Pepperdine has been using reclaimed water to irrigate its 830-acre campus, utilizing a wastewater treatment program, since 1972, Bailard said, a feat which is aided by the use of native vegetation for one third of the school’s land.
“Today, reclaimed water accounts for 99 percent of irrigation campus-wide,” Bailard said. “The University’s renowned green lawn was specifically selected to ensure reuse of all of the recycled water generated in lieu of an ocean outfall.”

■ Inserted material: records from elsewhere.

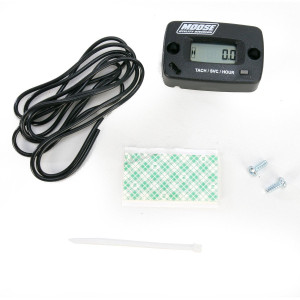 Can Am Resettable Hour Meter - Moose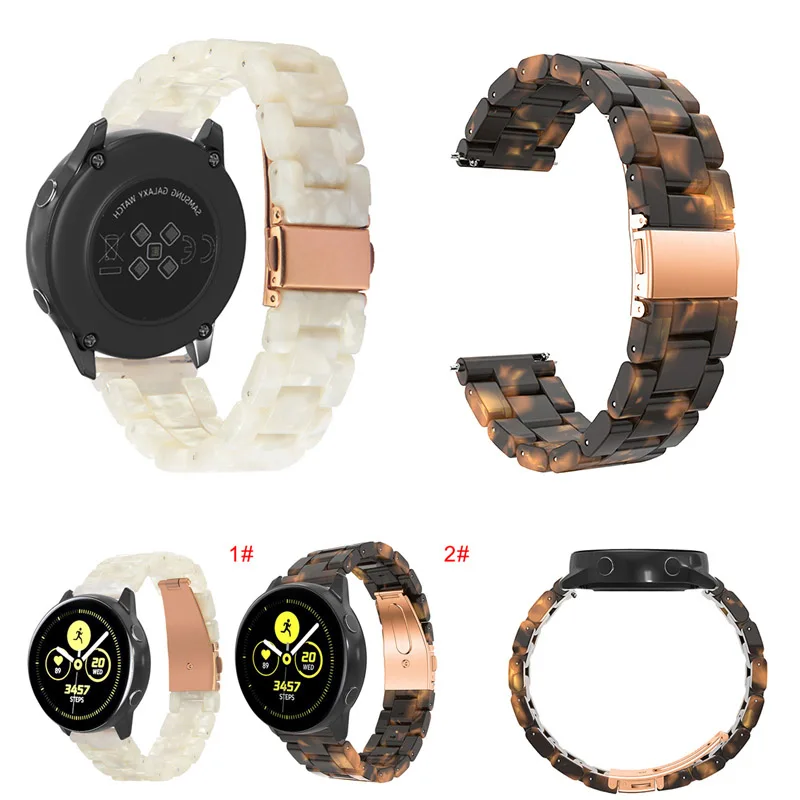 Горячие спортивные умные часы сменный Браслет 20 мм ремешок для samsung Galaxy Active Watch для DOY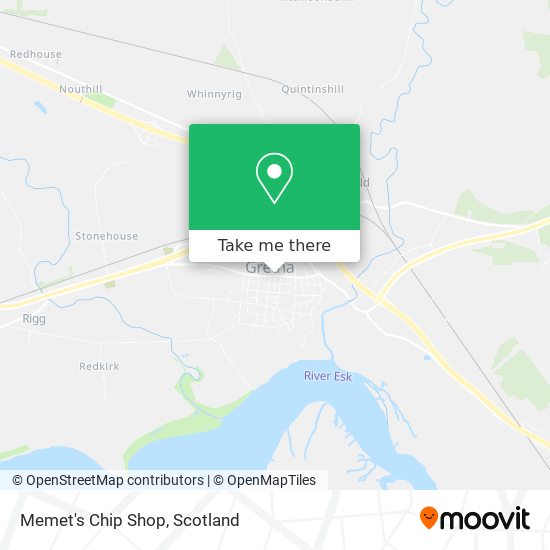 Memet's Chip Shop map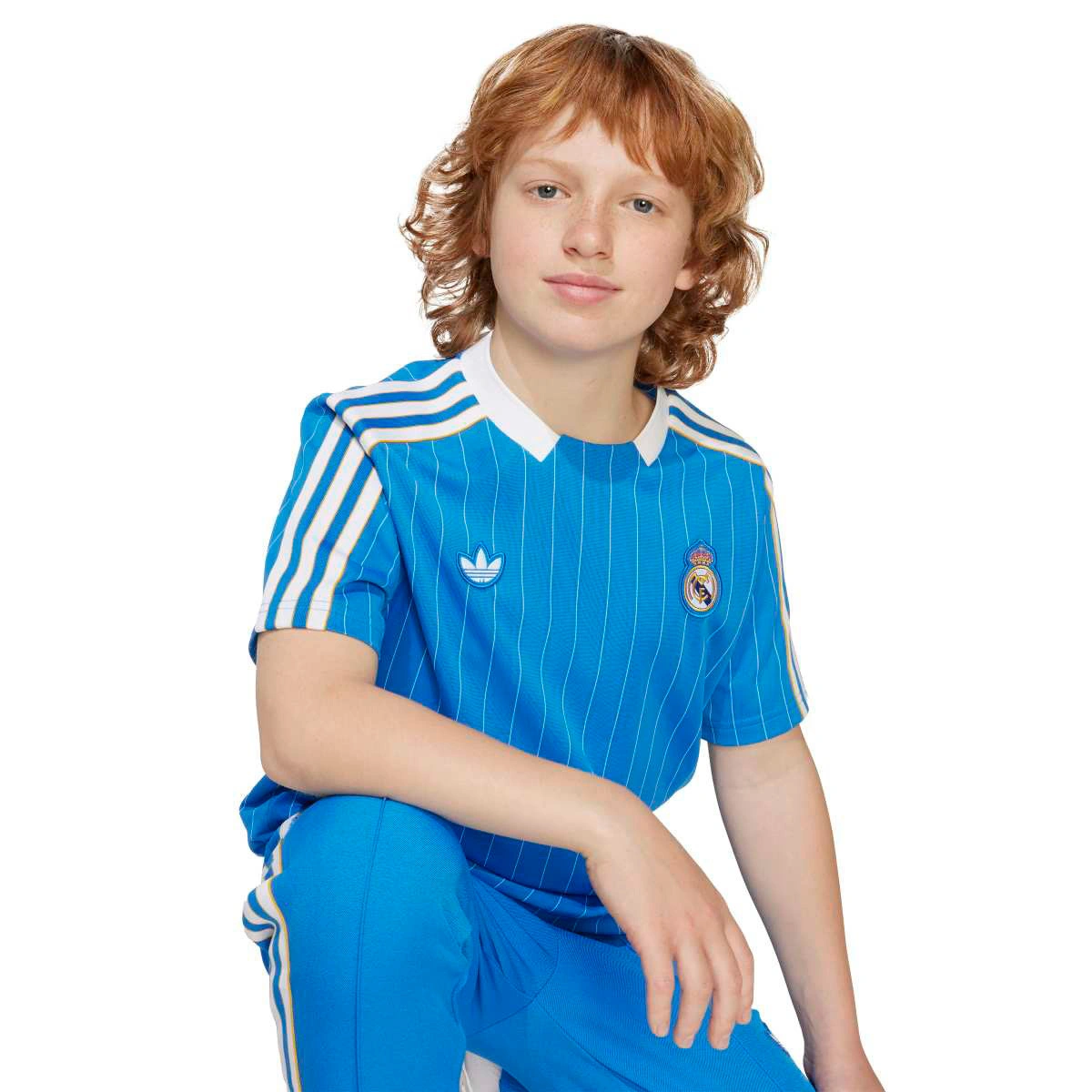 T-Shirt adidas Real Madrid Fanswear Icons Fanswear 2025-2026 Criança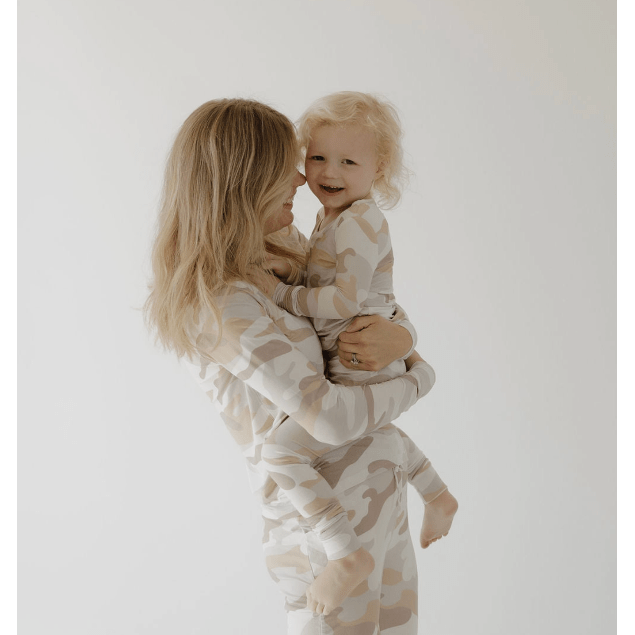 Forever French Bamboo Two Piece Pajama Set- Camo 2.0 Toddler Clothing Forever French Baby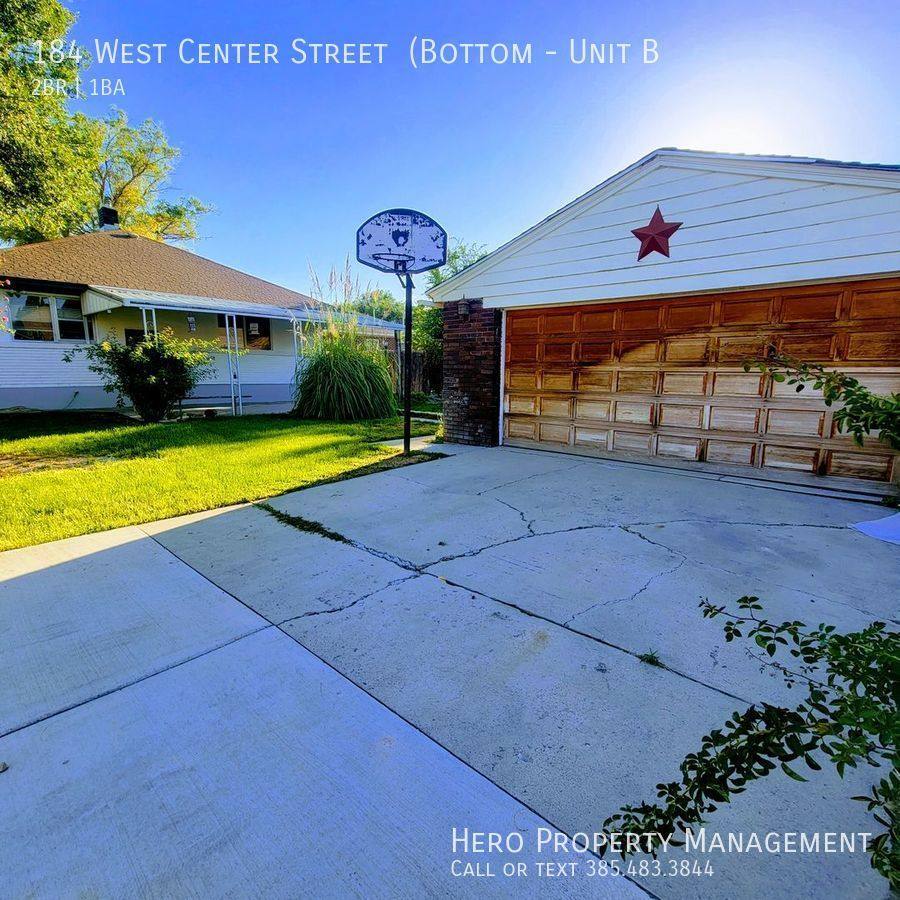 Apartment for rent at 184 W Center St Bottom #B, Midvale, UT 84047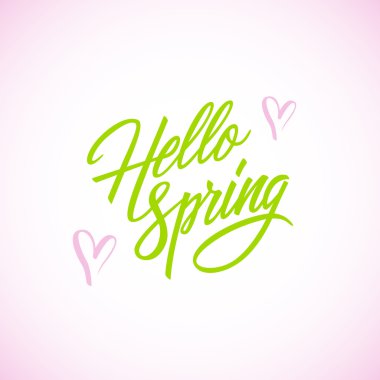 Merhaba bahar! yazı ver. El yazısı yazıt.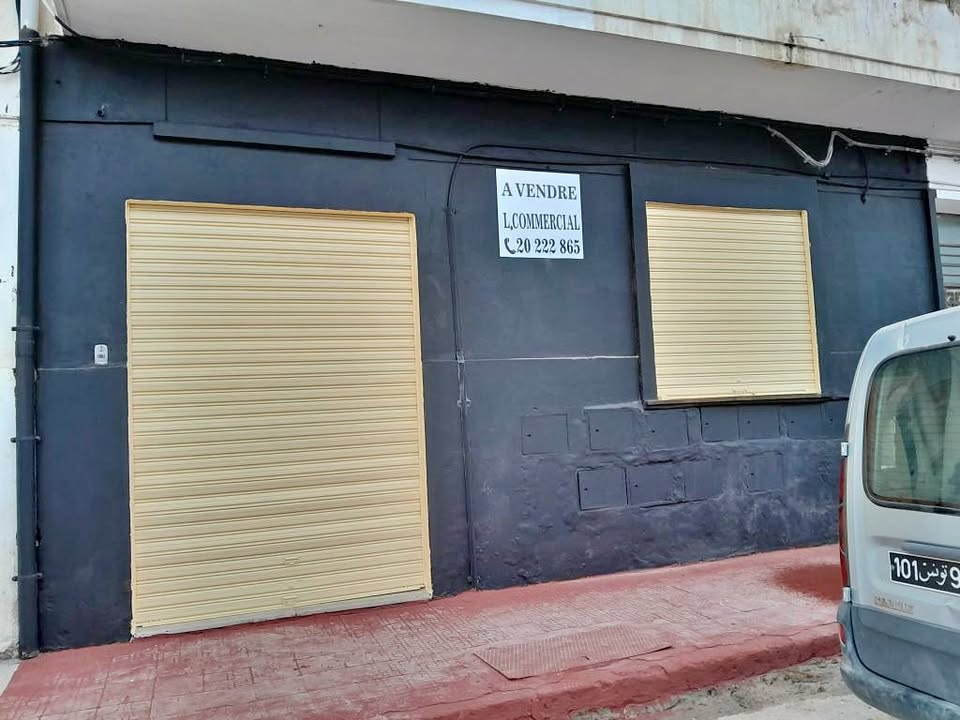 Local comercial a louer centre ville bizerte 75 m
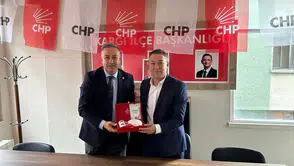Tahtasız’dan Hakan Çelik’e Ziyaret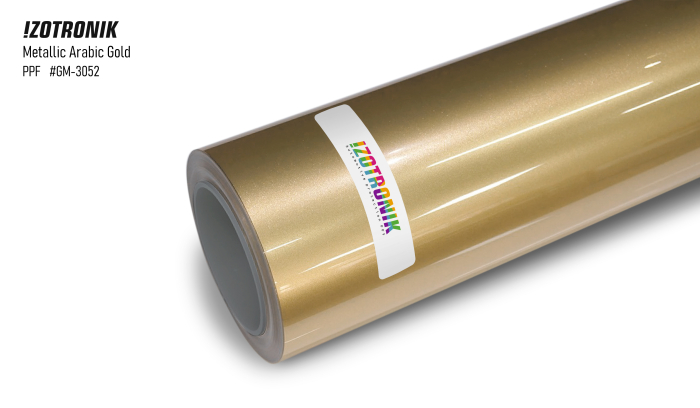 IZOTRONIK PPF Metallic Arabic Gold / GM-3052 [1]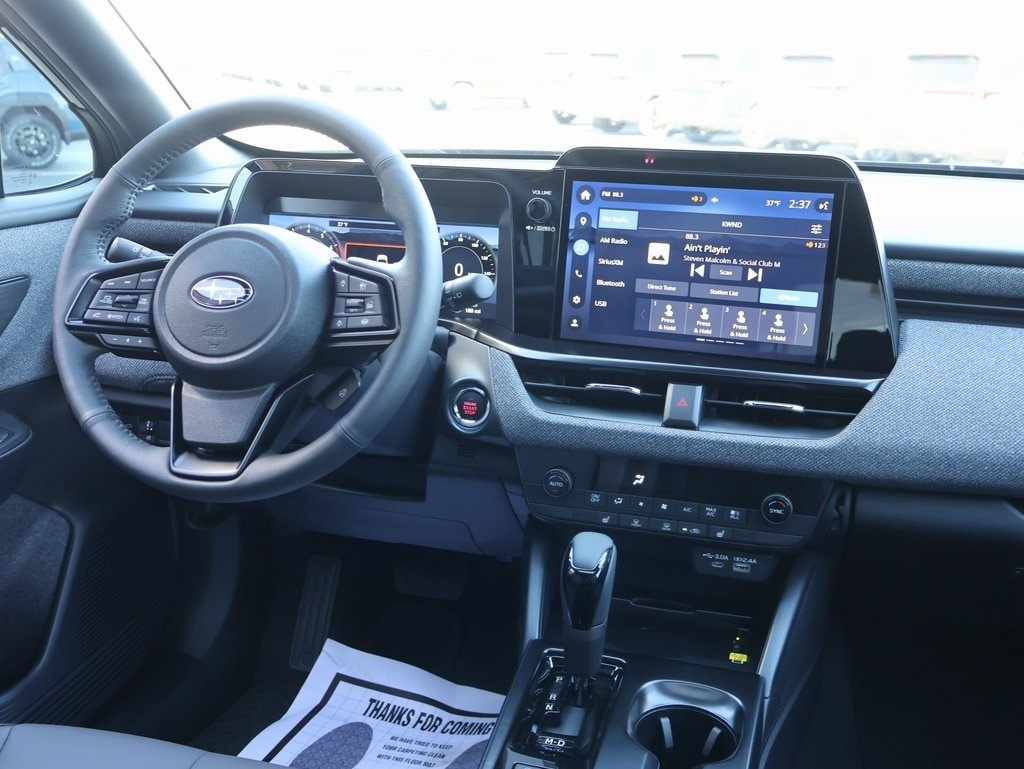 New 2026 Crystal Black Silica Subaru Premium image 16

Although their water reclamation project is one of the school’s better-known sustainability programs, Bailard said Pepperdine has been working recently to lessen their environmental impact on land and in the sky. A campus-wide plan to reduce wasted light has been enacted by the Center for Sustainability, in which the school has pledged to place all existing exterior globe lights with directional fixtures that will direct all light to the area intended to be lit, instead up toward the sky. Included the project will be removal of the light stanchions as well as the replacement of conduits, heads and bulbs.
The project is ongoing, with headway already made at the Firestone Fieldhouse and at all crosswalks on campus.
“Additionally, we are installing highly efficient LED bulbs in these new fixtures,” Bailard said. “So this project will significantly reduce energy usage, it will effectively reduce the amount of glare and prevent wasted light and it will limit unwanted illumination of the night sky will efficiently lighting the appropriate areas.”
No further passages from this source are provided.